Structure and Bonding:  The Duality of Amino Acids

Examine the following molecules and identify the functional groups in each.

ammonia                ethylamine                acetic acid                glycine

How would you characterize the acid-base behavior of the four molecules above?

What is unusual about the glycine molecule?

Glycine, the simplest of amino acids, is amphoteric. Amino acids are organic compounds that contain an amine group (-NH2) bonded to a carbon atom that is bonded to a carboxylic acid group (-COOH) as seen below.  
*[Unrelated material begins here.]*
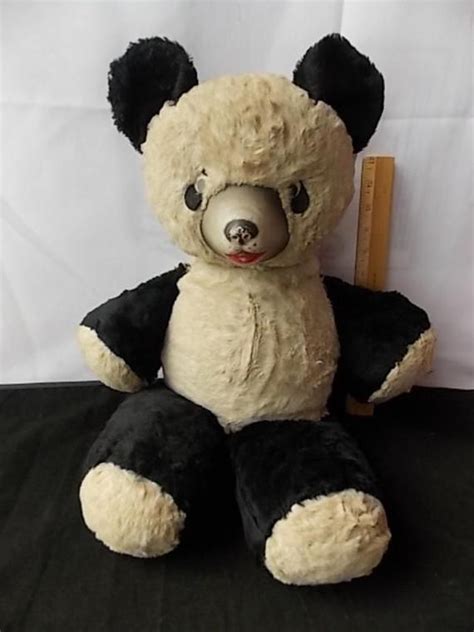 Vintage 1950s Large Panda Bear Rubber Snout Stuffed Animal Much Loved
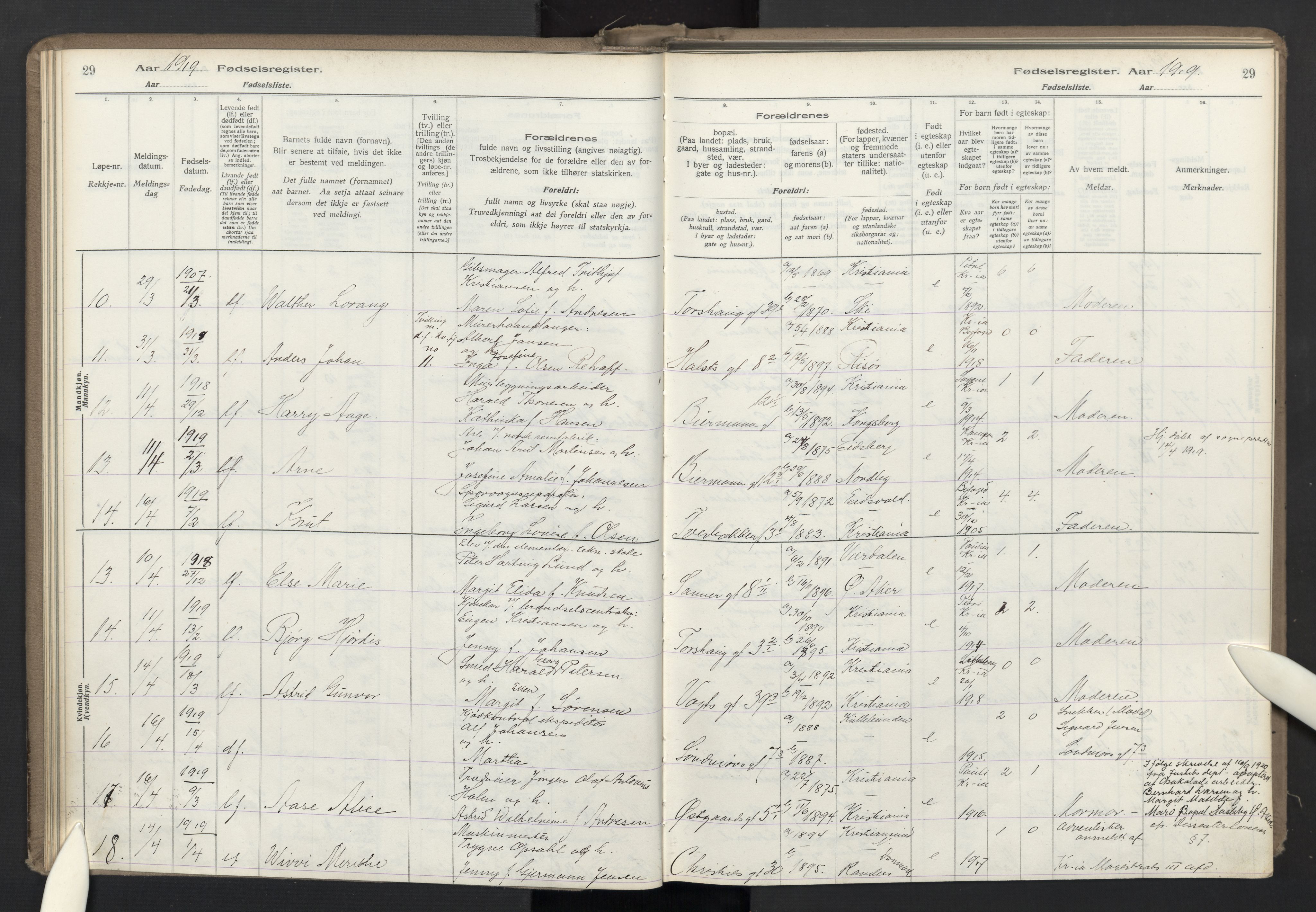 Lilleborg prestekontor Kirkebøker, AV/SAO-A-10343a/J/L0001: Birth register no. 1, 1917-1944, p. 29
For glycine the R group is a hydrogen, H.  Other side chains or R groups make up other amino acids.  There are about 20 amino acids that naturally occur in nature. We can classify amino acids into four major groups, each characterized by its type of side chain: non-polar, polar but neutral, acidic, and basic.  Click here to go to a good site displaying the amino acids.

For glycine shown below, what has to happen for the neutral amino acid (on the left) to form the zwitterion on the right?

What makes the zwitterion unusual?

What is the overall charge or net charge on a zwitterion?

Here is another amino acid in the zwitterion form, redraw the neutral structure of leucine.


A zwitterion ion has both a positive and negative charge on the same structure due to the transfer of a hydrogen ion from the carboxylic acid group to the amine group.  The net charge on a zwitterion is zero.  This makes the carboxylate ion group act as a base and the protonated amine group act as a acid.  Complete the acid-base reactions for this behavior.

        -COO-   +    _______       _______

        -NH3+   +   _______      _______    +    _______

Since amino acids have the capability of reacting with both acid and base, they naturally act as buffers. Amino acids are always in ionic form in aqueous solutions.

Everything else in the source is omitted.